By Rose O. Sherman, EdD, RN, NEA-BC, FAAN
In a recent webinar, I discussed with leaders how important it is to give young nurses direction about what they can stop doing when short-staffed. One nurse leader jokingly told me that she clearly remembers as a new graduate, seasoned nurses told her to skip the baths that day and just do “pits and pubs.” She said they were very specific with me about what not to do.
Somehow we have lost that reality, and the expectation is that “everything is done for patients – no exceptions.” Young nurses with limited critical thinking skills are left to make their own decisions about what care to skip and may not make the right choices.
Dr. Beatrice Kalisch is well known for her research and assessment instrument on missed nursing care. Pre-pandemic, the nine key areas where nurses missed care included the following:
- Ambulation
- Turning
- Delayed or missed feedings
- Patient Education
- Discharge planning
- Emotional support
- Hygiene
- Intake and output documentation
- Surveillance
In her extensive research, Dr. Kalisch found that a significant percentage of nursing care was missed (pre- COVID), as demonstrated in one large study.
Ambulation three times per day or as ordered – missed 76% of the time
Mouth care – missed 64% of the time.
Medications administered on time – missed 60% of the time.
Feeding patient when the food is still warm – missed 57% of the time.
Patient teaching – missed 55% of the time.
Response to call light within 5 minutes – missed 50% of the time.
Patient bathing/skincare – missed 45% of the time.
Emotional support to the patient and family – is missed 42 % of the time.
Dr. Kalisch found that when missed care increases – nurses become less satisfied, and patient outcomes such as infections and pressure ulcers are directly impacted. She linked teamwork, lack of a healthy work environment, and staffing to missed care. A lack of teamwork alone accounted for 11% of the variance in missed care. We are seeing all this play out in real-time in our healthcare environments today.
Most acute care units today are staffed by fewer nurses with significantly less tenure than when Dr. Kalisch did her research. Making decisions about what care to miss without a significant impact on patients is complex and requires a high level of critical thinking.
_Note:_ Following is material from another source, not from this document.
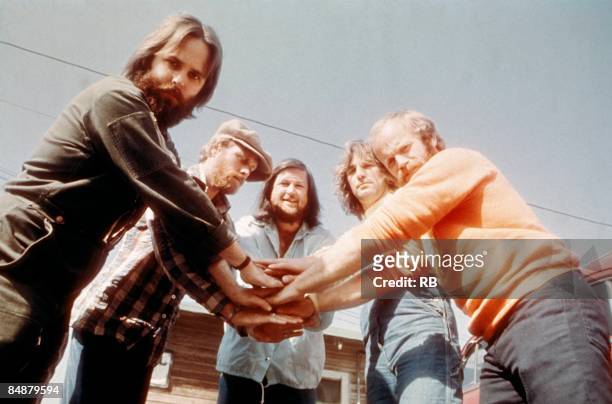 Photo of Dennis WILSON and Mike LOVE and BEACH BOYS and Carl WILSON and Brian WILSON and Al JARDINE; Posed group portrait L-R. Carl Wilson, Mike...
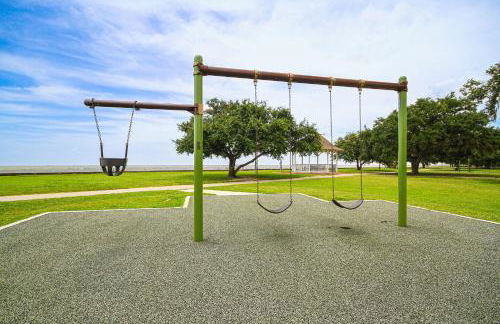 Eclectic Mandeville Home Walk to Lakefront Park - Foto 32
Yet we are leaving our nurses to make their own decisions. I would urge leaders to talk with staff about how they make decisions about what care to omit and how frequently they do not do the following:
- Ambulate patients as ordered.
- Turn patients every 2 hours.
- Feed patients when the food is warm.
- Medicate patients within a one-hour window 30 minutes before or after the scheduled time.
- Assess vital signs as ordered.
- Monitor patient intake and output.
- Fully document all necessary data.
- Teach patients about their illness and the tests they will undergo.
- Provide emotional support to patients and families.
- Give baths and skin care.
- Do oral care.
- Do discharge teaching.
- Perform bedside glucose monitoring as ordered.
- Assess patients on each shift.
- Provide IV and Central line care per hospital policy.
- Respond to call lights within 5 minutes.
- Give PRN medications within 15 minutes after a request.
- Assess medication effectiveness.
- Attend interdisciplinary care planning conferences.
- Do skin and wound care as ordered.
These young nurses need our help in critically thinking through the decisions they are already making about what care can be missed.